9. Obviously being disabled stops me drinking alcohol
Was sitting in the university canteen with a carer and discussing plans for the weekend. I mentioned going to the pub with friends and the carer’s reaction was; “I didn’t know disabled people could drink alcohol”. Yes maybe some can’t because of medication or condition but for me without the booze, disabled adulthood would suck! – how discriminating but funny!
8. What!… She is sleeping on my sofa
My carer was doing an evening shift and suggested we watch my Gavin & Stacey box set. We got through one disk and I asked her to put the next one into my TV. I didn’t get a response so I turned round to find her lying on my sofa, with my blanket over her, fast asleep – how rude and unprofessional!
7. There is something on the floor… really?
A carer had put some laundry in my washing machine and was about to put the laundry basket back in its original place when she abruptly stopped. I asked what was wrong and she just said; “There is something on the floor” and the though in my head was yes there are a lot of things on the floor, which thing are you referring to? She gave no description of the size, shape, colour or material. She had been working with me for a year and knew I was blind. After putting it in my hand, it turned out to be my talking dictionary device – irritating!
6. Why put gloves on to put shoes on?
In my boarding house at college, I buzzed for a carrer to change my slippers and put shoes on. Instead of just going to get the shoes she went into the bathroom to get gloves. Are my feet really that smelly? – weird!
5. Don’t hold the hot end of the hair straightener!
At college, I asked a carer if she could straighten hair and she said yes. She plugged them in, switched them on then looked at me and said “What do I do next?” I then attempted to explain how to do it and she managed a few strands of hair. She then put the straighteners down to brush my hair and when picking them up again, she grabbed the hot side, burning her hand. This later led to risk assessments being done on hair straightening. – Just non-seneschal!
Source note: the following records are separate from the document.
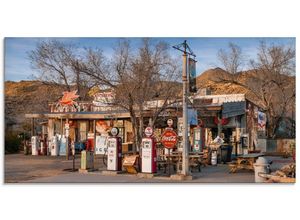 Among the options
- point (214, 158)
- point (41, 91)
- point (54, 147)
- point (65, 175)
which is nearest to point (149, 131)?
point (65, 175)

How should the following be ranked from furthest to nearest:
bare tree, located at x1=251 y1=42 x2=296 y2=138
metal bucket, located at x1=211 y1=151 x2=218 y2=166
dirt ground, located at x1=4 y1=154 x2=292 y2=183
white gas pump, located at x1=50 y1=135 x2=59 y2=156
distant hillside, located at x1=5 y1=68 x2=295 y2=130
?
white gas pump, located at x1=50 y1=135 x2=59 y2=156 < metal bucket, located at x1=211 y1=151 x2=218 y2=166 < distant hillside, located at x1=5 y1=68 x2=295 y2=130 < bare tree, located at x1=251 y1=42 x2=296 y2=138 < dirt ground, located at x1=4 y1=154 x2=292 y2=183

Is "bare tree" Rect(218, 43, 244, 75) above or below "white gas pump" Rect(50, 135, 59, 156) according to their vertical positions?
above

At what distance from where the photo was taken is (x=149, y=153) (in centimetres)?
1034

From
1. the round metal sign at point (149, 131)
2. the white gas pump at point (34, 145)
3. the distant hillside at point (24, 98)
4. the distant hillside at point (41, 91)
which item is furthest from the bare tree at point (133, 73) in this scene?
the white gas pump at point (34, 145)

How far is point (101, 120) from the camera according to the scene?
1825 centimetres

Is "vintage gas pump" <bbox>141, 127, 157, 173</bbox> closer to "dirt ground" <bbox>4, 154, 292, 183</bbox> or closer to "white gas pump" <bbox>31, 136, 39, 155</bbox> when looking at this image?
"dirt ground" <bbox>4, 154, 292, 183</bbox>

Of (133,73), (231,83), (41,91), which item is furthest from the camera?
(41,91)

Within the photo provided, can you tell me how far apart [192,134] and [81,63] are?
5.47 meters

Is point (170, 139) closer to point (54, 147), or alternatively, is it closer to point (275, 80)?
point (275, 80)

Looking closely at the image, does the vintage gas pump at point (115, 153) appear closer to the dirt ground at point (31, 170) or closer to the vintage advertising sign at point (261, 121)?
the dirt ground at point (31, 170)

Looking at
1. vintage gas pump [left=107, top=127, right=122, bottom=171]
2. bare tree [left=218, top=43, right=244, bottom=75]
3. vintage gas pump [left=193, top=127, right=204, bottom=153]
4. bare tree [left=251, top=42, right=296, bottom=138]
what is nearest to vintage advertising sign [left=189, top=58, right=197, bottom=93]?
bare tree [left=218, top=43, right=244, bottom=75]

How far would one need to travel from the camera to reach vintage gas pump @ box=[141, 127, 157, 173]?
1030cm

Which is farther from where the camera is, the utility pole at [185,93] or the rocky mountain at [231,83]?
the rocky mountain at [231,83]

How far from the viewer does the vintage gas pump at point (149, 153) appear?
10.3 meters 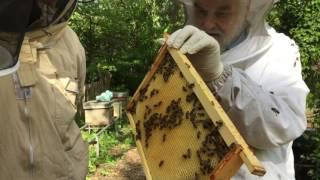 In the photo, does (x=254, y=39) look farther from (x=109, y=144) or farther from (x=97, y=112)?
(x=97, y=112)

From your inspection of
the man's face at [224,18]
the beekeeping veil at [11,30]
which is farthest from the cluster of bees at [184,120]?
the beekeeping veil at [11,30]

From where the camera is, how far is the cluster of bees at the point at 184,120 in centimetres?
166

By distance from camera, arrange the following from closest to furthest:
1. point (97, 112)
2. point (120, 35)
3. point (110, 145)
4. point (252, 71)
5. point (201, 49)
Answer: point (201, 49) < point (252, 71) < point (110, 145) < point (97, 112) < point (120, 35)

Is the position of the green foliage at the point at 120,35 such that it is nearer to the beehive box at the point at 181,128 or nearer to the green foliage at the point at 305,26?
the green foliage at the point at 305,26

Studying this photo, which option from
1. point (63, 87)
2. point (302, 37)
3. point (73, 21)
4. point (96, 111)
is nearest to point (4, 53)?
point (63, 87)

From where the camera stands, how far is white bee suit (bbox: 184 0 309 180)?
1771 mm

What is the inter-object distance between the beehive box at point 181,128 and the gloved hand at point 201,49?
48 mm

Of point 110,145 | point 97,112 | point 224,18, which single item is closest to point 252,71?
point 224,18

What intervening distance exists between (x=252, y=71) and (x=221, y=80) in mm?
231

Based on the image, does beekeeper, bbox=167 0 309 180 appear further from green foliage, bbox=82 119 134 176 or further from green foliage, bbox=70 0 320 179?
green foliage, bbox=70 0 320 179

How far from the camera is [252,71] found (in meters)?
1.97

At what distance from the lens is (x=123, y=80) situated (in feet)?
45.2

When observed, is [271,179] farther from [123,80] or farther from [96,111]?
[123,80]

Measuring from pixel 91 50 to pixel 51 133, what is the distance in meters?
10.6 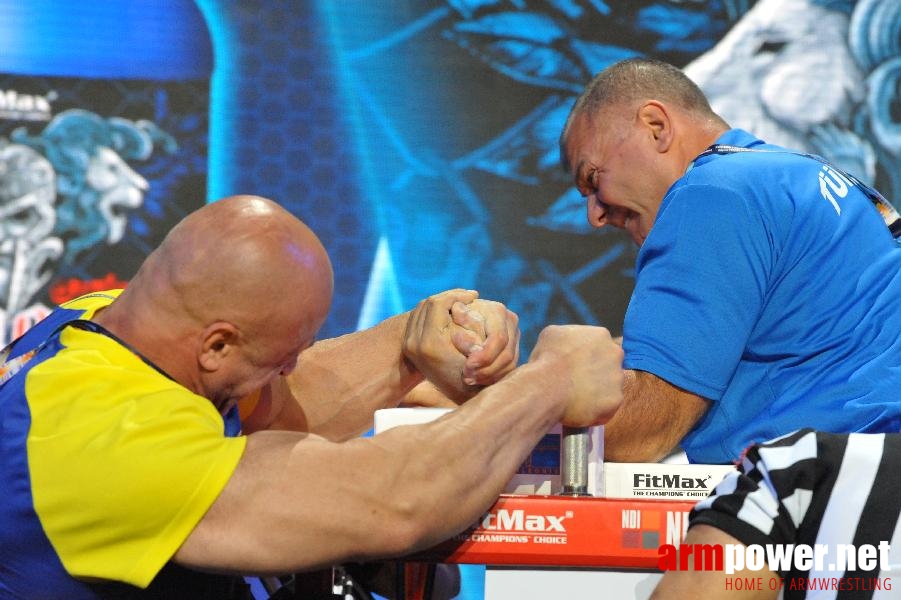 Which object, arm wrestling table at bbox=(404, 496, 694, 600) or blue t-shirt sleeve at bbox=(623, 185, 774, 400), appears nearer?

4. Stop singing, it’s 1AM!
One night I was reading my audiobook in bed when I heard the distant sound of singing. I initially thought it was a drunk person walking down the street. A few minutes past and the noise continued and much louder. I then realised it was my carer singing (badly) in her bedroom. It was coming up to 1am and I buzzed for her to stop but she couldn’t hear me. It got so loud I think my pet rabbit and neighbours could hear it. I eventually got her attention half an hour later and she couldn’t acknowledge why I was calling her. – No courtesy!
3. Don’t cry over stale doughnuts
A new carer arrived on a Sunday and I offered her a takeaway as I had not much food available which she initially accepted. When it was delivered she then declined it. The next day I ran out of time to do shopping. Then Tuesday the carer asked if she could finish the doughnuts she found in my kitchen. I tried to explain that I bought those over a week ago and they might be stale. I repeated myself several times but she couldn’t understand me. She then begun to cry in front of me, accusing me of starving her – perplexed and pathetic!
2. I need my penis cushion
Yes looks insane I know but trust me, this is funny. I was going to bed one evening and was putting in my sleep system (knee block, brackets, cushions etc) and directed the carer to get the round, cylinder, sausage shaped cushion but the carer couldn’t understand. I then had to be creative and directed the words “Get the penis shaped cushion”. This time it worked – hilarious!
1. I did not order a frozen sausage
And finally at number 1 is this extremely amusing story. At lunchtime, I asked the carer to heat up a sausage roll in the microwave for 20 seconds. Instead she came back with a frozen sausage… But hey, quoting my friend; “gotta love a hard sausage” – hysterical and shocked!